Jeffrey Skoller responds:

Dear Nelson, 

I agree with your assessment here and for the most part with the description of what happened during the march after the official rally ended in Oakland. But I want to add an important caveat to the narrative that it was simply the privileged white anarchists who led the group into the face of danger and arrest.  The police themselves played a crucial role in the chaos of the charge onto the freeway and perhaps contributed to many people finding themselves in a situation they couldn't get out of.

I was heading home after the Ogawa Plaza march ended and got caught up in the march which formed after the rally ended. I followed in order to monitor. The crowd was a mix of black bloc types and a very mixed and exuberant crowd of young people from 20s into teens. The march passed by the University of California admin building on Franklin St, massed there and moved on.  The police began following the group with a spectacularly long line of squad cars, motorcycles and phalanxes of police on foot, in riot gear, some carrying shot guns.  As the group moved through the street the crowd began moving faster to keep their distance from the police who were becoming more aggressive and threatening. By the time the crowd reached the Freeway entrance, the police were in full pursuit running after the crowds, blocking off street intersections and not letting people who tried get away leave the scene. In many moments the only way to avoid the police was to move forward or risk arrest. Every time I stopped to video tape the situation, screaming cops would start charging over to keep me moving forward. By the time we got to the freeway, I was part of a group who were trying to document the scene and found ourselves surrounded by a group of police who would not let us move and were about to begin arresting us when they were ordered to join the phalanxes on the freeway.

All of this is to say, that in the chaos of the moment, the aggressive and intimidating police response to the marchers created a situation in which people could either turn around and find themselves running into charging police with batons and guns or continue onto the freeway ramp to avoid them. It wasn't much of a choice. There were some young kids in the crowd (I saw a young girl being arrested on the highway who couldn't have been older then 12). They couldn't have known which way to turn and probably stayed with the people they were with. The person who was injured trying to jump off the freeway was trying to avoid the police, not cars.

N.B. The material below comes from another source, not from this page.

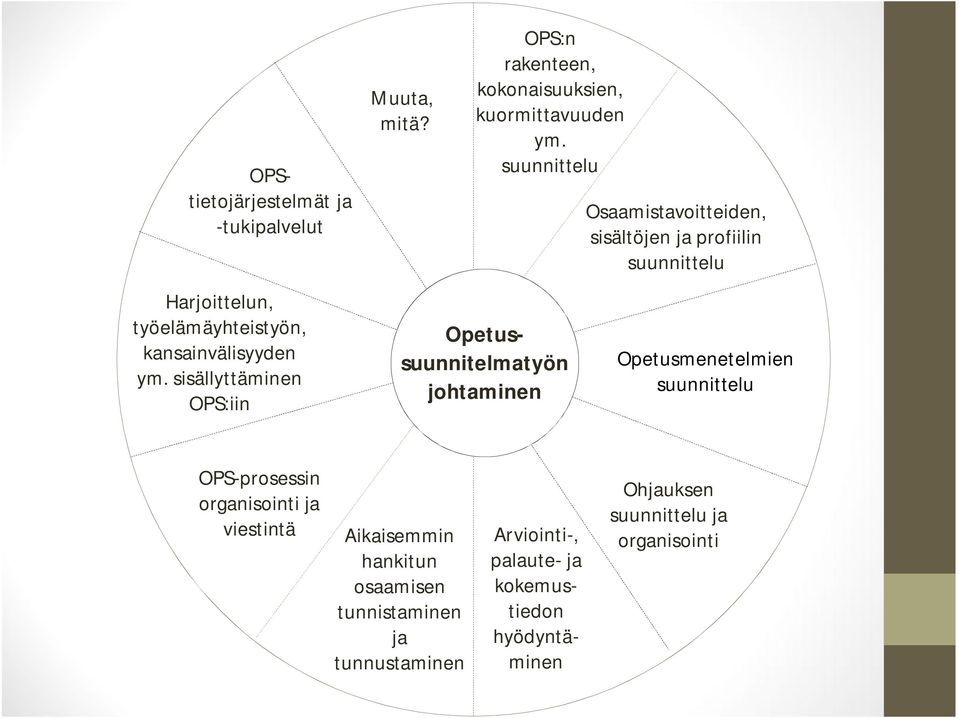 suunnittelu Opetussuunnitelmatyön johtaminen Osaamistavoitteiden, sisältöjen ja profiilin suunnittelu Opetusmenetelmien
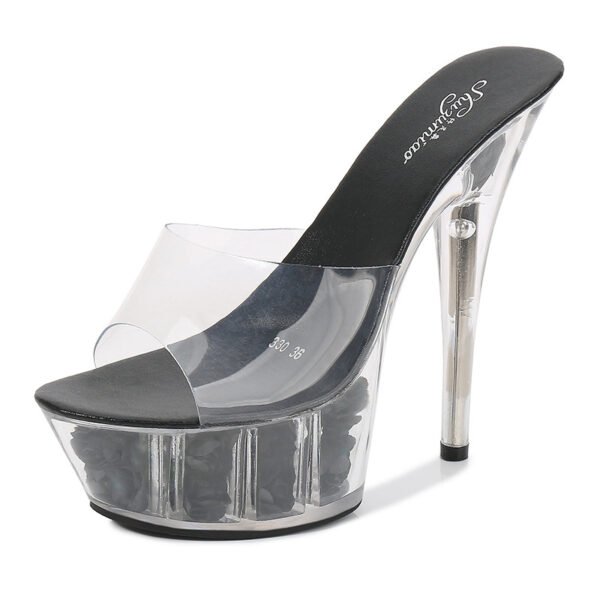 Women's High Heel Slippers With Crystal Sole - Image 10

So while the attempt to stop freeway traffic in such an uncoordinated way, can be seen as reckless, dangerous and perhaps counter-productive, the police themselves created a chaotic situation in which people were being herded onto the freeway with little choice to stop or turn around if they had wanted to.  So once again the police we see how the have a role in escalating the potential for violence and injury through their aggressiveness.

As this struggle continues there needs to be a way to insist that police actions during political demonstrations must work to defuse the sense of danger and intimidation rather than contributing to such chaotic and confusing situations. The Police must be held accountable for their role when creating the conditions for such a potentially disastrous situation.